Putin claimed Russia is ready to enter negotiations at any time — although somewhat tarnished his attempt to portray himself as a dove by also saying a precondition would have to be the United States suspending weapons deliveries and then waiting for it to “be over within a few weeks” before talks start — and never refused talks. Calling back to 2022, Putin cited talks with Zelensky ally Davyd Arakhamia, a senior member of the Ukrainian Parliament, who was involved in the Istanbul negotiations.
Had that agreement been inked, Putin said, “we could have stopped those hostilities with war a year and a half ago already”. Instead, he claimed, the British got involved and Ukraine was willing to “obey the demand or persuasion of Mr Johnson”. President Putin told Tucker Carlson: “Prime Minister Johnson came, [talked Ukraine] out of it and we missed that chance. Well, you missed it. You made a mistake.”
Putin said it was his desire to “go back to” that agreement, noting that while Boris Johnson was long gone, the war the Russian leader claimed the politician had encouraged still raged on.
The Tucker interview is not the first time these claims have been aired. Russia’s foreign ministry spokeswoman Maria Zakharova had claimed last year that Johnson “banned” Ukraine from seeking peace and “demanded the continuation of hostilities against Russia”.
Yet, Ukraine’s Arakhamia has insisted Boris Johnson’s visit had nothing to do with the decision not to sign the document, because Ukraine was never going to sign it anyway. Arakhamia said, per a Times report earlier this year, that Russia’s primary concern was to extract promises of Finland-style neutrality from Ukraine and a guarantee that it would not join NATO.
These demands could never have been accepted at the conference, he said, because such a promise was beyond his authority as a negotiator — it would have had to have been a personal meeting between Putin and Ukrainian president Volodymyr Zelensky — and in any case, Ukraine simply did not trust Russia to act in good faith and respect that neutrality had it been declared.

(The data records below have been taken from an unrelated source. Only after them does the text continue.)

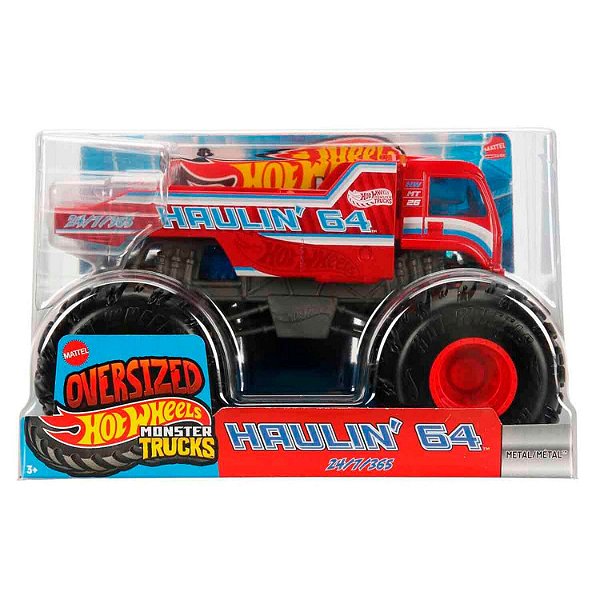 Miniatura Hot Wheels Monster Trucks Haulin 64 JJB05 Escala 1:24 Diecast Original Colecionável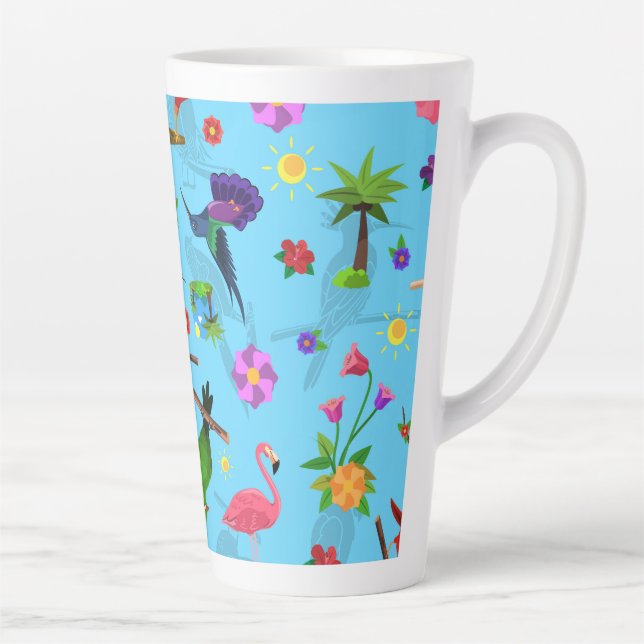 Toucan Flamingo und Arara nahtlose Vogelmuster Milchtasse (Rechts)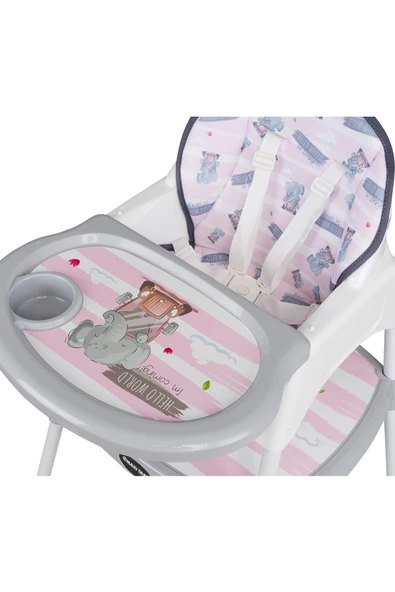 Maxi Taxi Feeding Fil Desenli 3 In 1 Mama Sandalyesi - Pembe - 2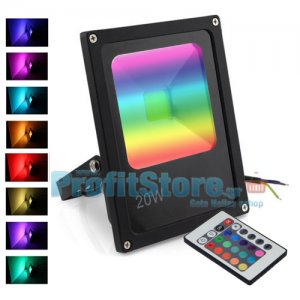Ultra Slim RGB LED Προβολέας 20W Αδιάβροχος με Τηλεχειρισμό &amp; Πολύχρωμο Φωτισμό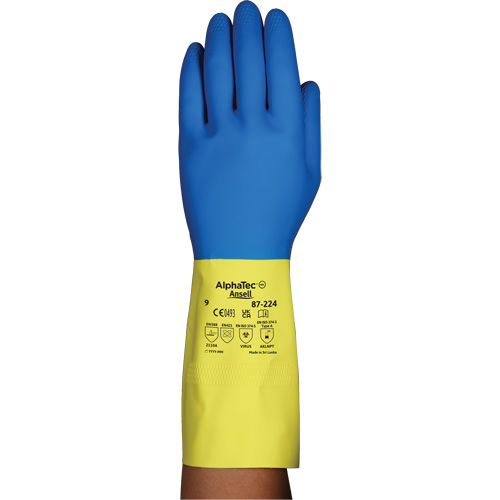 Gants r&eacute;sistants aux produits chimiques AlphaTec 87-224, Taille 10, 12,8" lo, N&eacute;opr&egrave;ne/Latex de caoutchouc, Doublure en Coton/Ouat&eacute;e, 26,8 mils Distribution Industrielle GC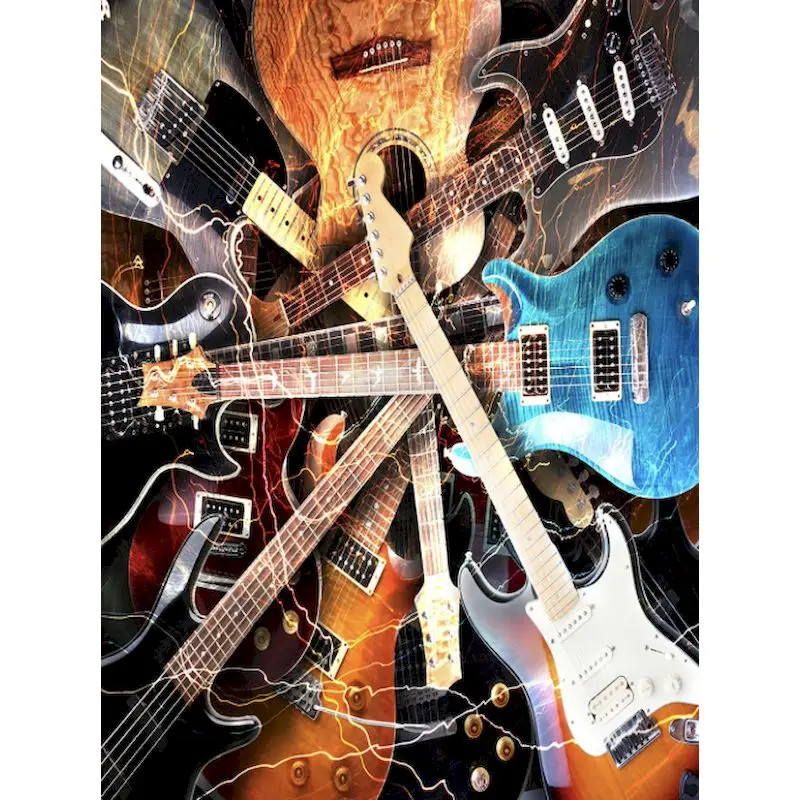 

GATYZTORY Frame DIY Painting By Numbers Colorful Guitars Picture By Numbers Landscape Wall Art Acrylic Paint For Home Decor Art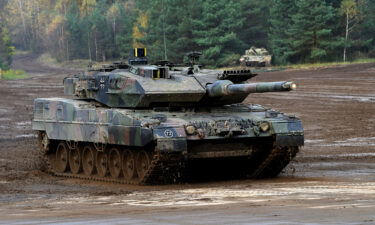 A Leopard 2 battle tank of the German armed forces Bundeswehr is pictured in October 2017.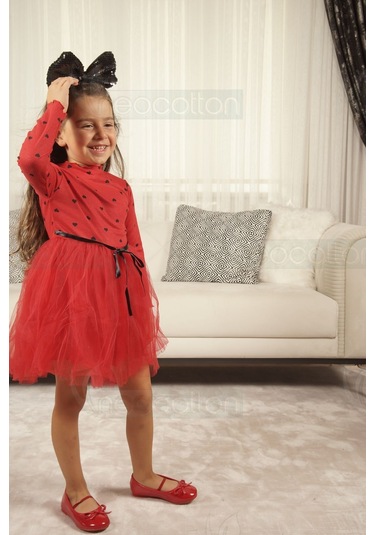 Kız Bebek-çocuk Uzun Kollu Doğum Günü Ve Özel Günler İçin Kalpli Tüllü Astarlı Elbise Kırmızı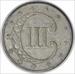 1852 Three Cent Silver AU Uncertified #256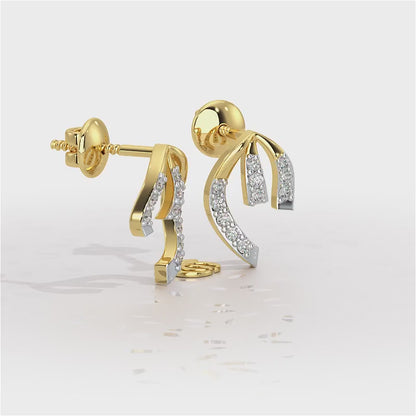Leaf of Light Silver Earrings - Yellow Gold Video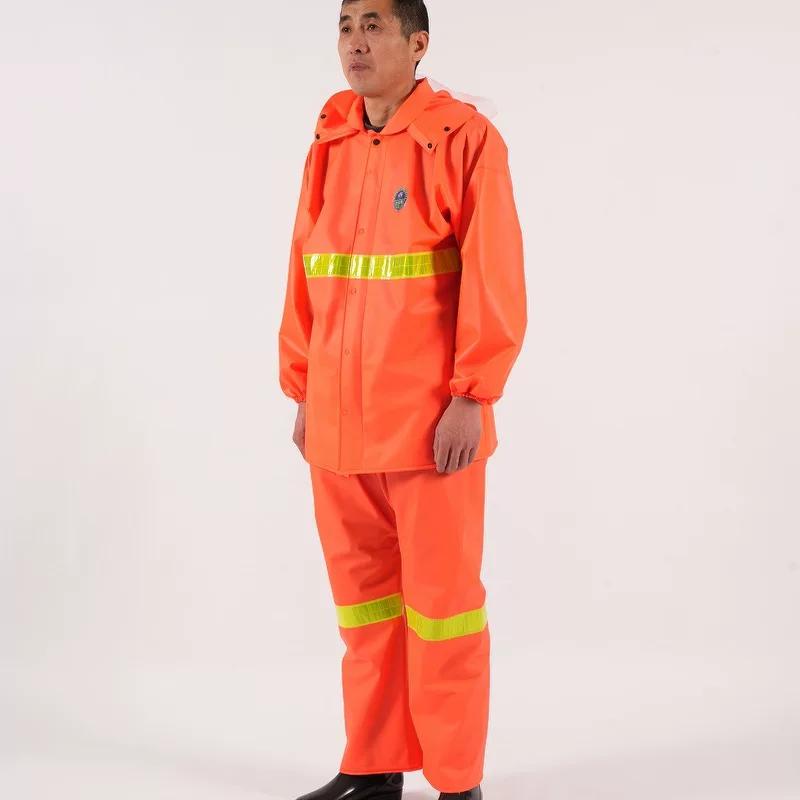 Fishing Raincoat and Rain Pants Set, Waterproof Clothing for Aquaculture, Mining, and Fishing with Reflective Strips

Boris Johnson himself said of the claims he’d scuppered a peace deal that: “This is nothing but total nonsense and Russian propaganda”. While Johnson said he did indeed believe any Ukrainian agreement with Russia would be “pretty sordid” and that he pledged British support for Kyiv “a thousand per cent” and told them to “just fight”, this was not an order and was meant in the context of how to combat the invasion.
While Putin repeatedly stressed he was open to talks and to negotiate a settlement in Ukraine, he also made clear this would not be without cost. Showing he is no dove himself, the Russian said in return for talks, the U.S. would have to stop arming Ukraine and then allow time to pass — presumably to give Russia a chance to consolidate its position on the battlefield. He told Carlson: “If you really want to stop fighting, you need to stop supplying weapons. It will be over within a few weeks. That’s it. And then we can agree on some terms”.
Putin also made out there was no point attempting to fight on, as he claimed the progress of the war so far proved “it is difficult… if possible at all” to inflict a strategic defeat on Russia. “It is never going to happen”, he claimed, stating his belief that Western leaders had now realised that too. If NATO wanted to come to a compromise “with dignity”, then Russia is “ready for this dialogue”, Putin said, in remarks that may be interpreted as goading by some in Washington.
While some of the claims made by President Putin are producing outrage, there was anger the interview had even taken place at all before it was published, with Tucker Carlson being branded a “traitor” for agreeing to talk with the Russian dictator. Top Eurocrat and former Belgian Prime Minister Guy Verhofstadt has spoken of adding Carlson to the EU’s sanctions list, but Hungary has said it would veto any such move.